I think you're giving a blanket statement here about direct control. Considering very, very few adventure games have used it, I feel it's wise to wait until more games using it come out and then gauge its efficacy. What I mean is that we have yet to see an adventure game developer use direct control intelligently, at the service of the gameplay, and not, for example at the service of otherwise superficial cinematic manipulations that sacrifice efficient, intuitive gameplay, like what Broken Sword: The Sleeping Dragon did. Just because the very few games that have direct control failed to use it to its best advantage does not mean it wouldn't work at all, period.

Quote:
3D pixel hunts are even worse, specially when your character has to stand right in front of the object in order to see it as something you can interact with.

In No One Lives Forever, anything that can be used or taken highlights when you get close enough to it. Why not use this system in a classic adventure game? Silent Hill 2's version of pixel hunting - James Sunderland simply looks directly at the interactive object, and a generous area allows him to pick it up, instead to forcing the player to position him over the painfully minute, stingy square millimeter to get it.

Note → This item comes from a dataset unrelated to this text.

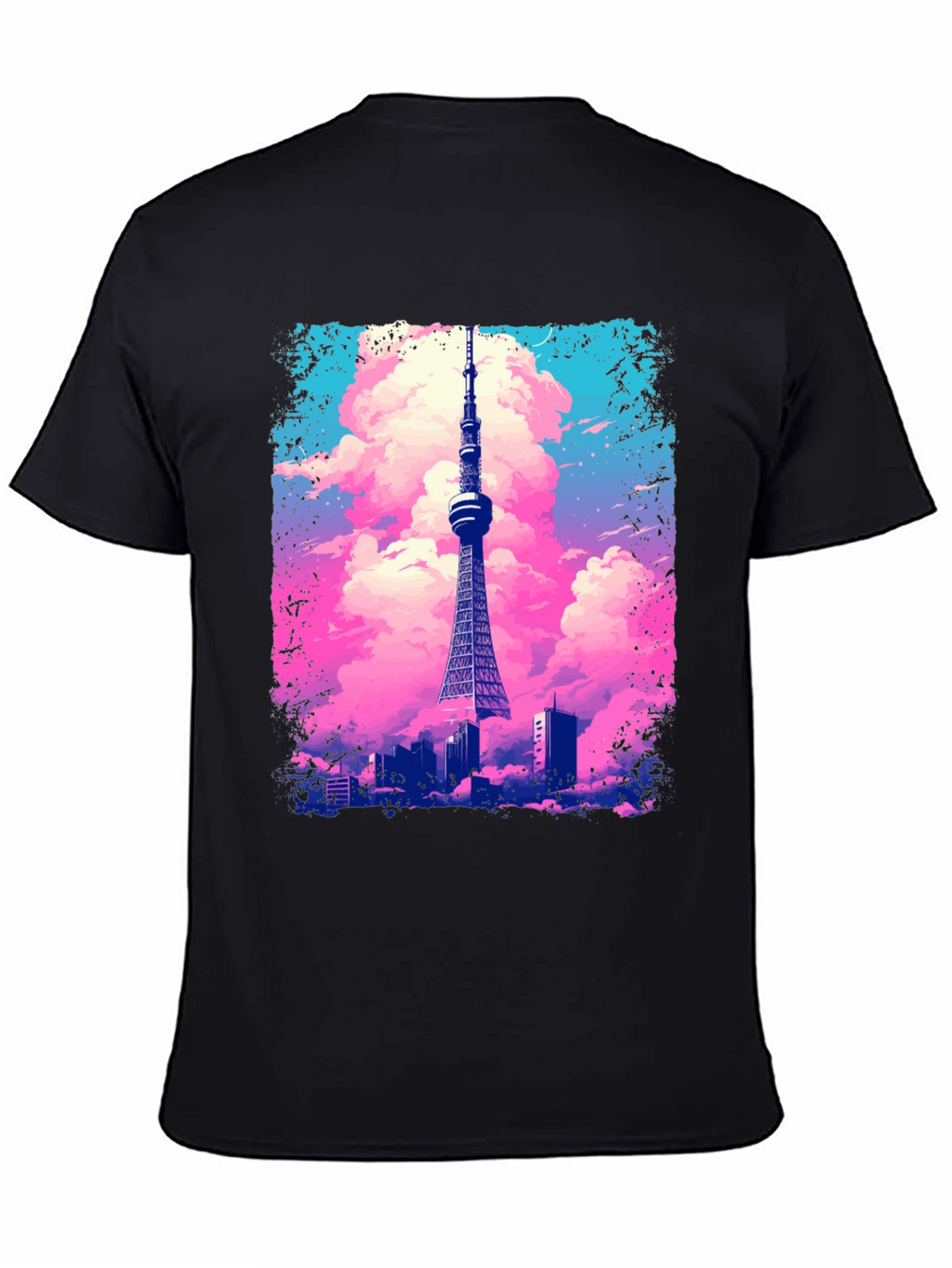Tokyo Tower Graphic Tee - Artistic Black T-Shirt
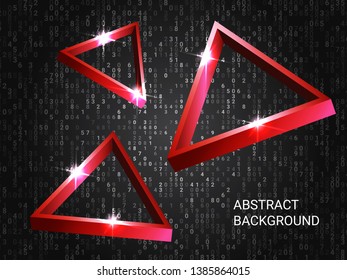 Triangle metal sparkle on background. Minimal geometric background. Abstract composition. 3D vector illustration . Red  three-dimensional triangle metal in space.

Nope, this has more to do with sloppy programming. A good game allows a more generous 'area' of interaction. One solution to this problem would be to have the character look in the general proximity of an object, thereby prompting the player to hover the cursor over that area until it highlights. Another solution would be similar to what the FPS game No One Lives Forever did, where the interactive object begins to glow rythmically when you get close enough.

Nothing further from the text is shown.